Wells Fargo Bank Minn., Natl. Assn. v Perez
2007 NY Slip Op 05265 [41 AD3d 590]
June 12, 2007
Appellate Division, Second Department
Published by New York State Law Reporting Bureau pursuant to Judiciary Law § 431.
As corrected through Wednesday, August 15, 2007


Wells Fargo Bank Minnesota, National Association, Respondent,
v
Bernice Perez, Appellant.

[*1] Bernice Perez, Mount Vernon, N.Y., appellant pro se.

Fein, Such & Crane, LLP, Chestnut Ridge, N.Y. (Mikelle V. Komor of counsel), for respondent.

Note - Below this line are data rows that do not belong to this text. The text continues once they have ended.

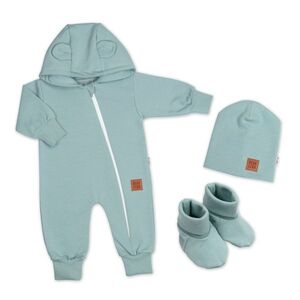 Baby Nellys Rostoucí teplákový overal, čepice, botky, 3D, Nature - ledově mátový, 56/62 obraz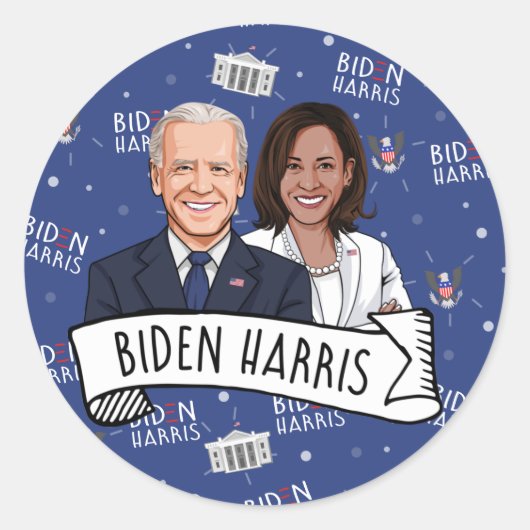 Sticker Rond Biden Harris (Devant)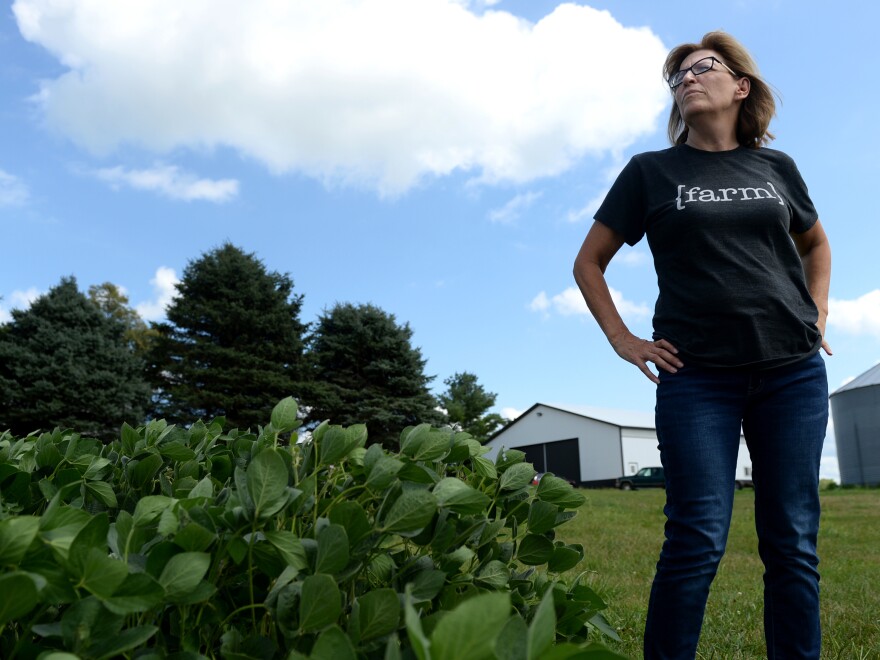 Former Iowa state Sen. Rita Hart has ended her challenge in a U.S. House race she lost to Republican Rep. Mariannette Miller-Meeks by six votes. Above, Hart appears at her farm in Wheatland, Iowa, on Aug. 13, 2019.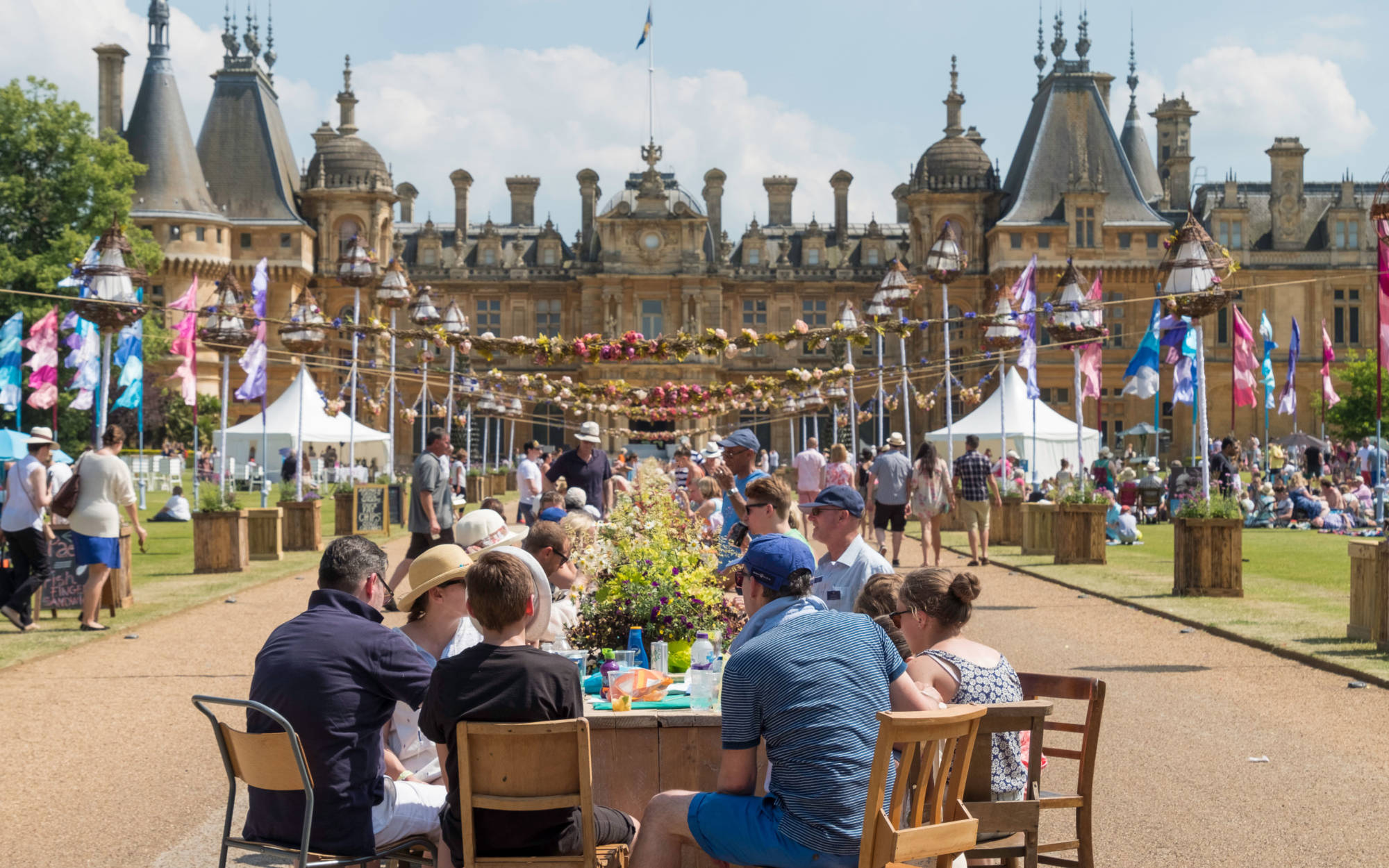 Family enjoying feast festival on North Lawn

In an action to foreclose a mortgage, the defendant appeals from an order of the Supreme Court, Westchester County (Jamieson, J.), entered December 16, 2005, which, inter alia, granted the plaintiff's motion for summary judgment on the complaint and dismissing her affirmative defenses, and to strike her answer.

Ordered that the order is affirmed, with costs.

Contrary to the defendant's contention, the Supreme Court properly granted the plaintiff's motion for summary judgment on the complaint and dismissing her affirmative defenses, and to strike her answer. The plaintiff established its entitlement to judgment as a matter of law by submitting the relevant mortgage and note, and demonstrating that the defendant was in default under the terms of the mortgage and the subsequent repayment plan (see Wolf v Citibank, N.A., 34 AD3d 574 [2006]; JPMorgan Chase Bank v Gamut-Mitchell, Inc., 27 AD3d 622 [2006]; Charter One Bank v Houston, 300 AD2d 429 [2002]; Federal Home Loan Mtge. Corp. v Karastathis, 237 AD2d 558 [1997]; Wasserman v Harriman, 234 AD2d 596 [1996]; DiNardo v Patcam Serv. Sta., 228 AD2d 543 [1996]). In opposition, the defendant failed to submit any evidence raising a triable issue of fact rebutting the plaintiff's showing or as to the merit of any of her affirmative defenses (see Wolf v Citibank, N.A., supra; Charter One Bank, v Houston, supra; Home Sav. of Am. v Isaacson, 240 AD2d 633 [1997]). Schmidt, J.P., Santucci, Skelos and Lifson, JJ., concur.